The “Practical Scenarios” section is built not around a list of platform features, but around how users make decisions and organize work in practice.
What this section helps you solve
This material is useful if you need to:
- understand which processes make sense to start with when adopting GitFlic in your role or team;
- see how development, review, CI/CD, artifacts, security, audit, and operations are connected;
- move from local agreements within individual teams to a more manageable and consistent SDLC;
- decide which scenarios are the priority for your organization now and which ones should logically come next;
- explain to colleagues why GitFlic matters not just as a set of features, but as an operational environment for engineering processes.
How this section is structured
The section provides three entry points, each serving a different purpose.
These entry points support different reading paths. The same material can be viewed from the perspective of your role, from an organizational scenario, or from an applied task. That makes it easier to choose a convenient route: from responsibility, from a problem, or from a specific action in GitFlic.
A role helps you quickly identify your area of responsibility and the nearest practical steps. A strategic scenario helps discuss a task at the function, department, or organizational level. An applied scenario is useful when the strategic decision has already been made and the next question is how to translate it into day-to-day work.
1. Roles and Positions
This entry point helps answer the questions:
- what matters specifically for my role or position;
- which processes need to be set up first;
- which teams and scenarios my role is most closely connected to;
- which strategic scenarios I should look at next;
- which practical steps in GitFlic make sense to take first.
Go to the Roles and Positions section if you want to start from your own area of responsibility.

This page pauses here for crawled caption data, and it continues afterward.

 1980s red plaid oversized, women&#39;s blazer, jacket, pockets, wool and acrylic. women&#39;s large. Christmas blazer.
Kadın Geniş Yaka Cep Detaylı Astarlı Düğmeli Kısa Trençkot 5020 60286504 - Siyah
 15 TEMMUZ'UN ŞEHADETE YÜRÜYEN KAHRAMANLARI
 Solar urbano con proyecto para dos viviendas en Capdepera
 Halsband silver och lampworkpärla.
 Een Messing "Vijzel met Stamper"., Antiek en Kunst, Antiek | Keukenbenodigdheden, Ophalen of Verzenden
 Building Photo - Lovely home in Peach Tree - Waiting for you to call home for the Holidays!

2. Strategic Business Scenarios
This entry point is needed when the focus is not on the individual role, but on the organizational challenge. It helps answer the questions:
- which problem the organization is trying to solve first;
- which process needs to become manageable across multiple teams, functions, or the entire engineering environment;
- which roles usually own the scenario;
- what result GitFlic helps achieve in practice;
- which applied steps will be needed after the scenario is chosen.
Go to Strategic Business Scenarios if the discussion is happening at the level of change, scaling, governance, security, or target platform design.

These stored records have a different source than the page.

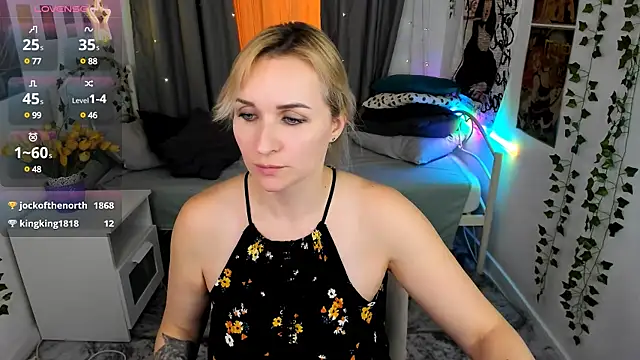 Karinella x online show from 3, 3, 2025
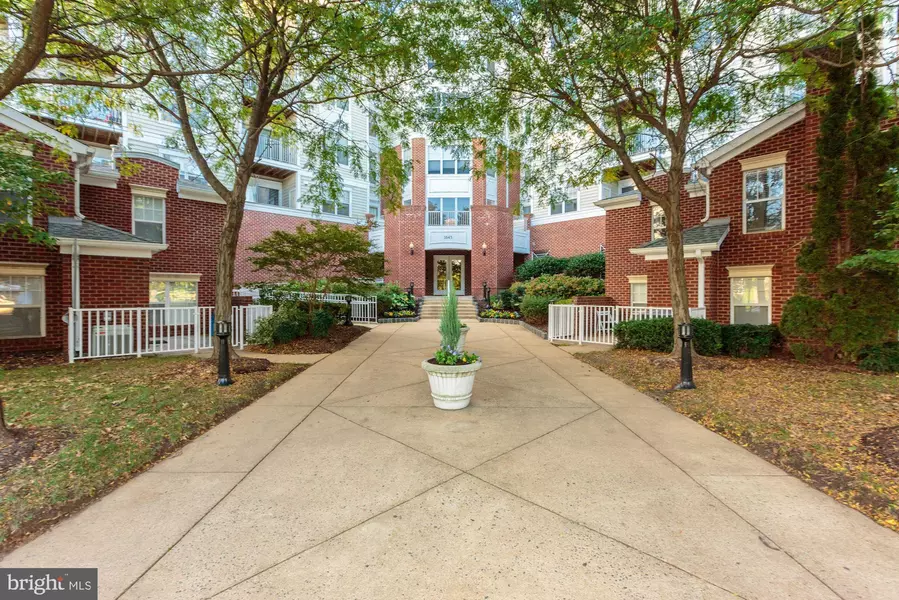 1645 INTERNATIONAL DR #425, Mclean, VA 22102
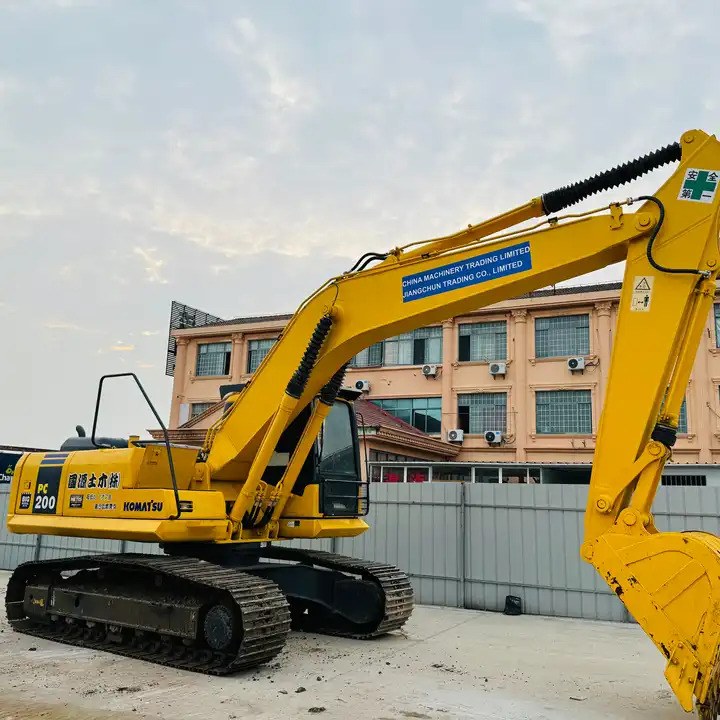 Original Japan Used Crawler Excavator Komatsu Pc200lc-7 Pc220lc-7 A/c Cabin In Shanghai - Гусеничный экскаватор: фото 1 Original Japan Used Crawler Excavator Komatsu Pc200lc-7 Pc220lc-7 A/c Cabin In Shanghai - Гусеничный экскаватор: фото 1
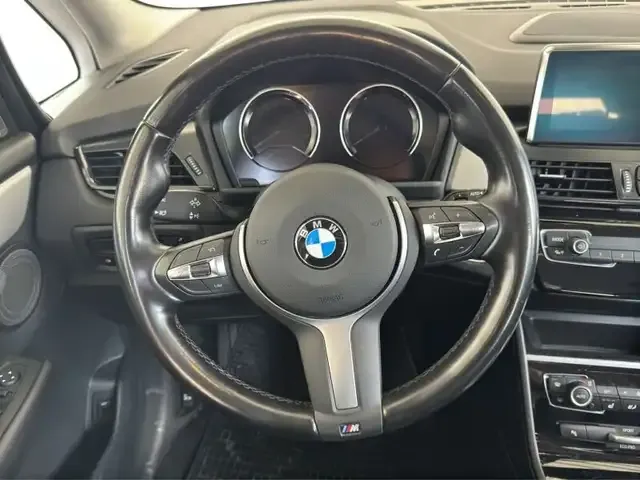 BMW 216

3. Applied Business Scenarios
This entry point is useful when the strategic direction is already clear and you need to move to day-to-day practice: how exactly to set up a project, review flow, CI/CD, artifact handling, access model, backup, or another operational element in GitFlic.

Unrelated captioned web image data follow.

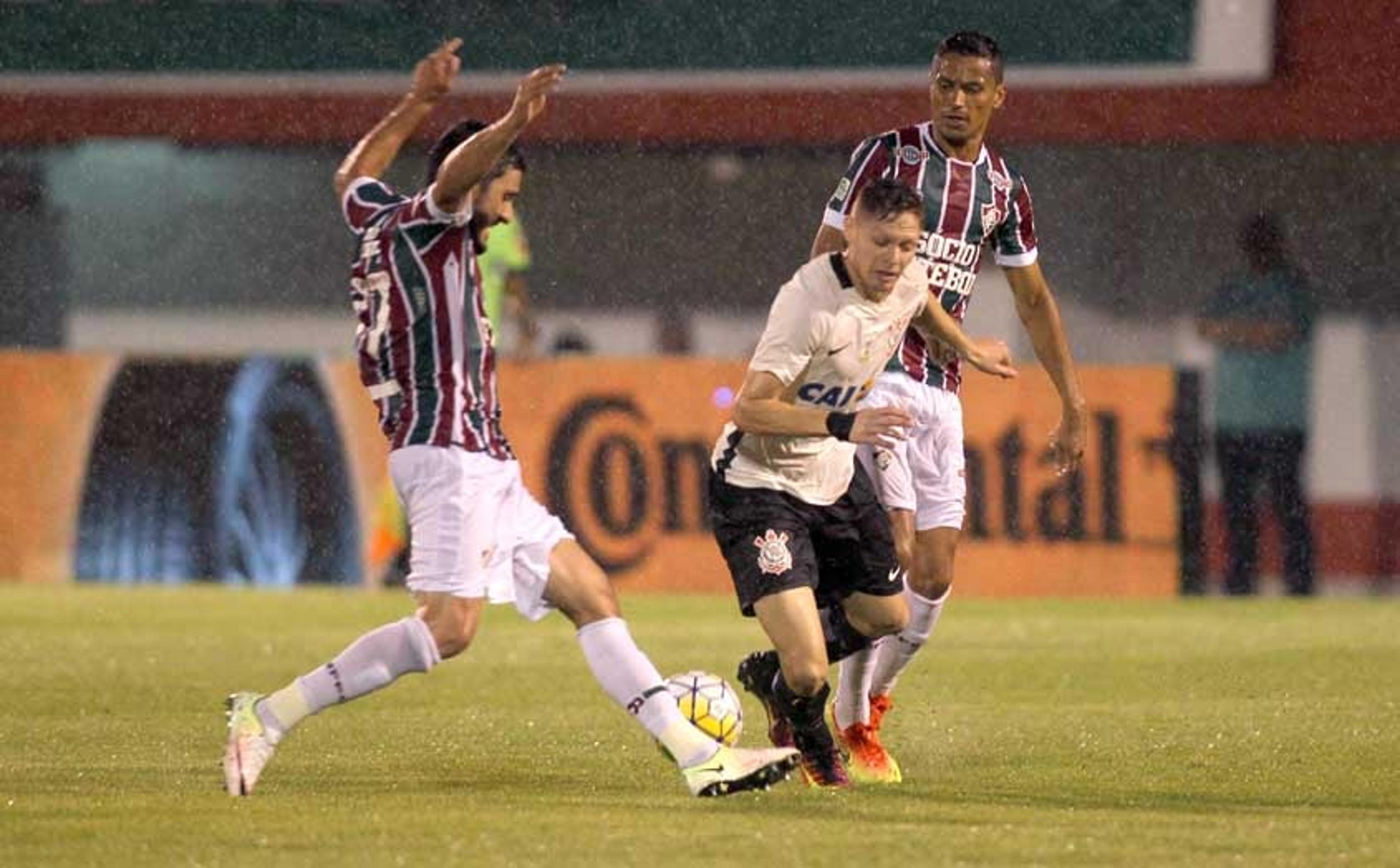 Deu empate(zinho)! Em duelo quente, Flu e Timão abrem oitavas com 1 a 1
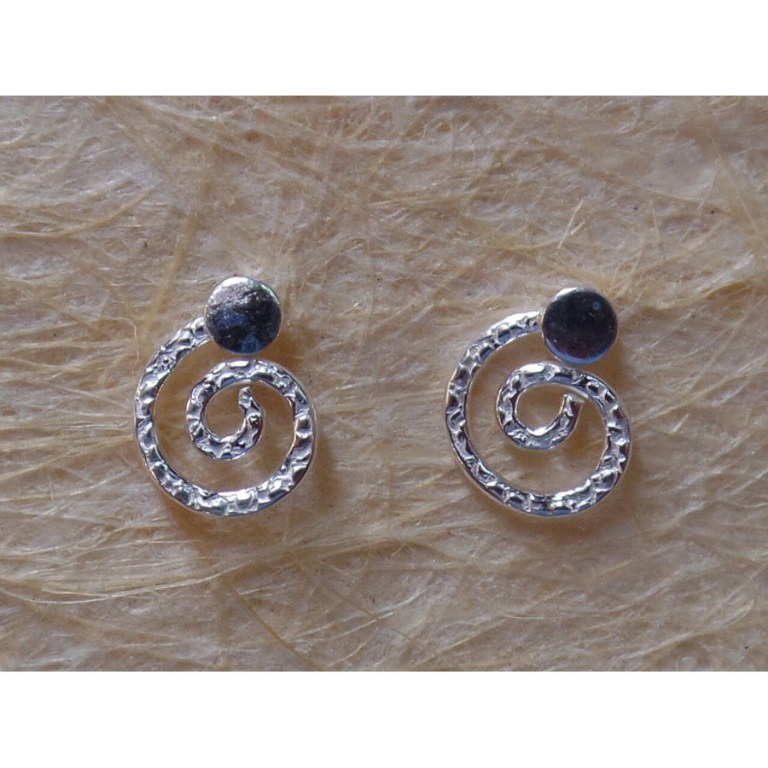 Clous d'oreilles spirale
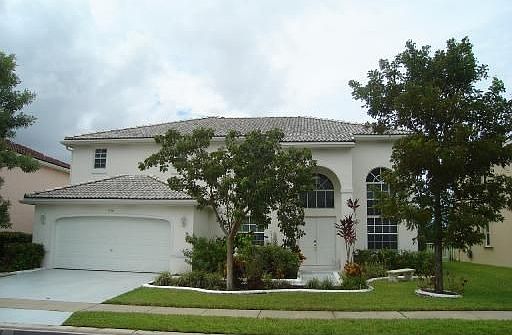 1st image of 530 SW 198th Ter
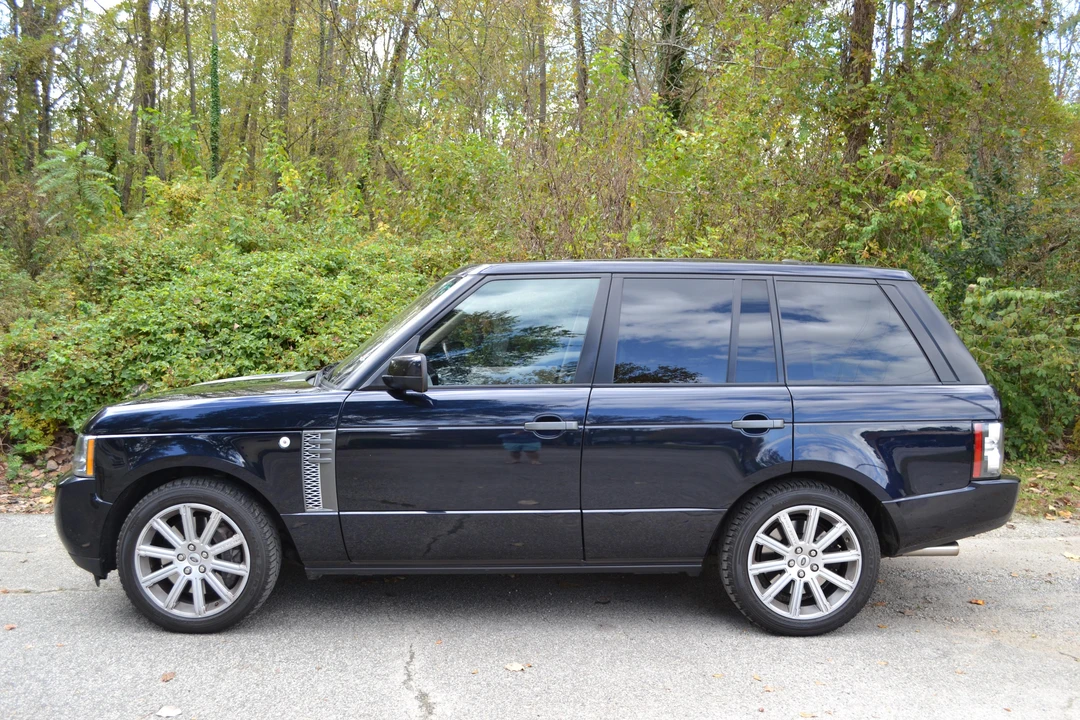 2010 Land Rover Range Rover L322 - Image 16 of 31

This section will gradually be filled with practical scenario pages. They will serve as a working layer above platform functions and below the level of strategic decisions.
Go to Applied Business Scenarios if you need to translate the chosen scenario into repeatable day-to-day practices.
What to consider when choosing an approach
- If the task is tied to your personal area of responsibility, it is easier to start from the role or position: that makes it clearer which processes, decisions, and settings matter first.
- If the discussion is happening at the level of a function, department, or change program, it is more logical to start from the strategic scenario: that makes it easier to align the goal, process owners, and expected result.
- If the decision has already been made and you need to move to practical actions, settings, and repeatable steps, the applied scenarios are the right place to go.
- If your organization is running both pilots and scaling efforts at the same time, it is useful to connect all three entry points: the role shows responsibility, the strategic scenario shows the target result, and the applied scenario shows the practical implementation.
- If requirements for access, auditability, audit, local hosting, or team scale differ, the approach should differ as well: some tasks only need a local process within one team, while others already require an enterprise environment with shared rules.
How to use this section
- If you have a clear understanding of your area of responsibility, start with Roles and Positions.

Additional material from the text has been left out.